Thereafter followed a period during which Freddy Anderson successively became a lamplighter, a tram conductor, book barrow salesman, night porter, hoistman, labourer, telephone operator, garage clerk, dyker, and several other jobs which escaped his memory. One of the Behans, probably Dominic, reportedly said of him that he ''never rose from the gutter to the dizzy heights of extreme poverty, even''. There is, however, a mighty gap between physical poverty and poverty of the soul.

These experiences informed his drift towards theatre, particuarly agitprop. In 1947 he joined Glasgow Unity Theatre, effectively launching a career which saw him become a valuable player in Glasgow's left-wing artistic life. He later recalled that an encounter in Sauchiehall Street when he introduced himself to Roddy McMillan set everything in train.
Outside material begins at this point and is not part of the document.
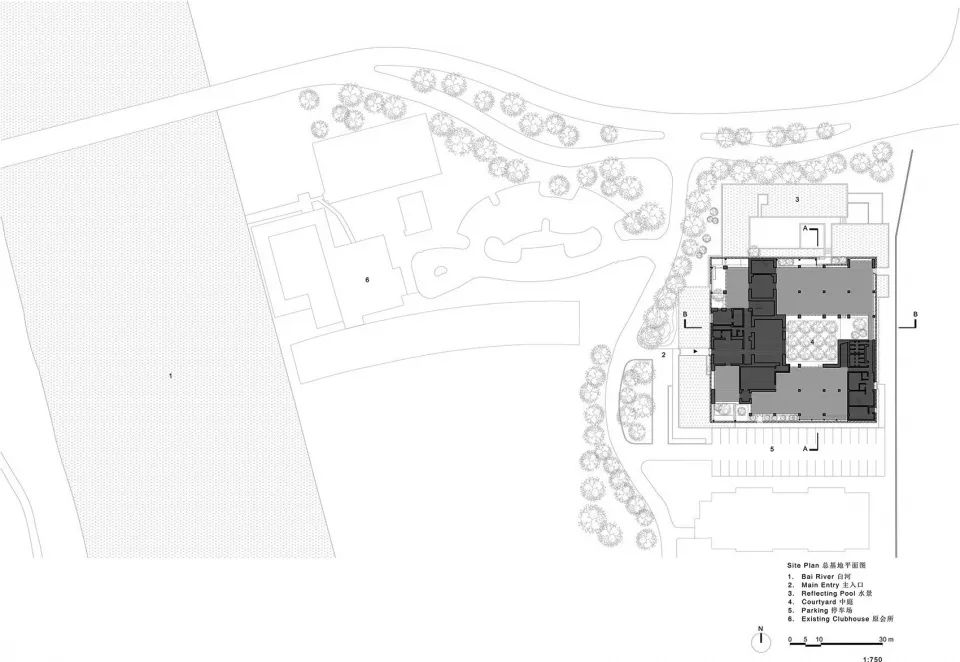 北京君山美学生活馆 | 自然与当代的和谐交融-54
McMillan took the young Irishman into Craig's Restaurant and bought him a cup of tea and

Freddy Anderson found his spiritual home at the Unity Centre. One of the Unity's two groups, Freddy could never remember which, produced his first play, called Thirty Three Years, in the late 1940s.

His plays were performed over the years by various community groups, including a pantomime based on Glasgow's coat of arms and called Wee Willie Winkie, the dramatic eighteenth century chronicle, The Calton Weavers, and the tour de force on the life of John McLean, Krassivy.

This latter work won for its author an Edinburgh Festival Fringe First, playing to packed houses in both Edinburgh and Glasgow during the McLean centenary celebrations in 1979. His literary work in the Easterhouse community was also recognised by an Irish Post award.

One production, The Ghost of Provanhall, a razor-sharp political satire which included Teddy Taylor swinging a birch in a mock duel with a famous Glasgow civic figure wielding an Arabian sword, attracted a censorship demand when excerpts were shown on TV.

Late in life he finally produced the book which drew together all his attributes. Oiney Hoy, a tale of the wanderings of a ''green fool'', toys with Ireland's myths, stereotypes, pretensions, and foibles, a gentle but effective satire which also translated with great success on to the Edinburgh Fringe stage.

Towards the end of his life,

Freddy had been preparing the further adventures of Oiney and was working on an autobiography. But the illness with which he struggled for more than 20 years caught up with him in a Glasgow nursing home earlier this week, two years after he lost his wife and companion, Isobel. He leaves three children, Paul, Dermott, and Isobel, but his passing dims the Glasgow scene and will be mourned more widely by friends from every walk of life.

Freddy Anderson, poet, playwright, author; born September 11, 1922, died December 10, 2001.